--- Recorded information ---

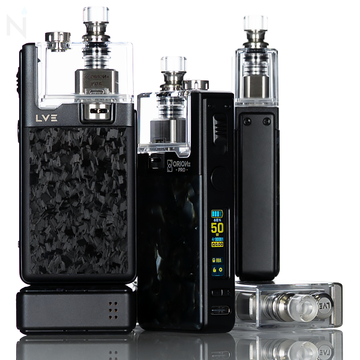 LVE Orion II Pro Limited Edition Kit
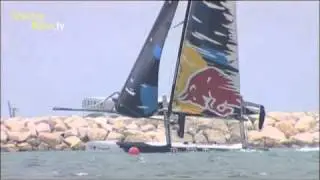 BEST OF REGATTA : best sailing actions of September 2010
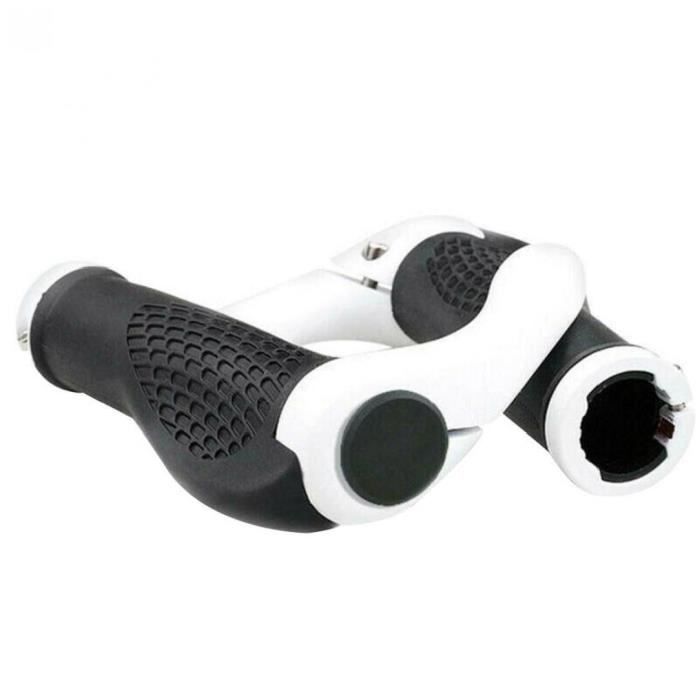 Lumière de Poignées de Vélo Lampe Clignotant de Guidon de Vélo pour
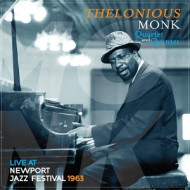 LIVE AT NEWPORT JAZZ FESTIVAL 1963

---

Exercise requirements
Copy the lines above exactly. Do not include pictures.

Finished task
 LVE Orion II Pro Limited Edition Kit
 BEST OF REGATTA : best sailing actions of September 2010
 Lumière de Poignées de Vélo Lampe Clignotant de Guidon de Vélo pour
 LIVE AT NEWPORT JAZZ FESTIVAL 1963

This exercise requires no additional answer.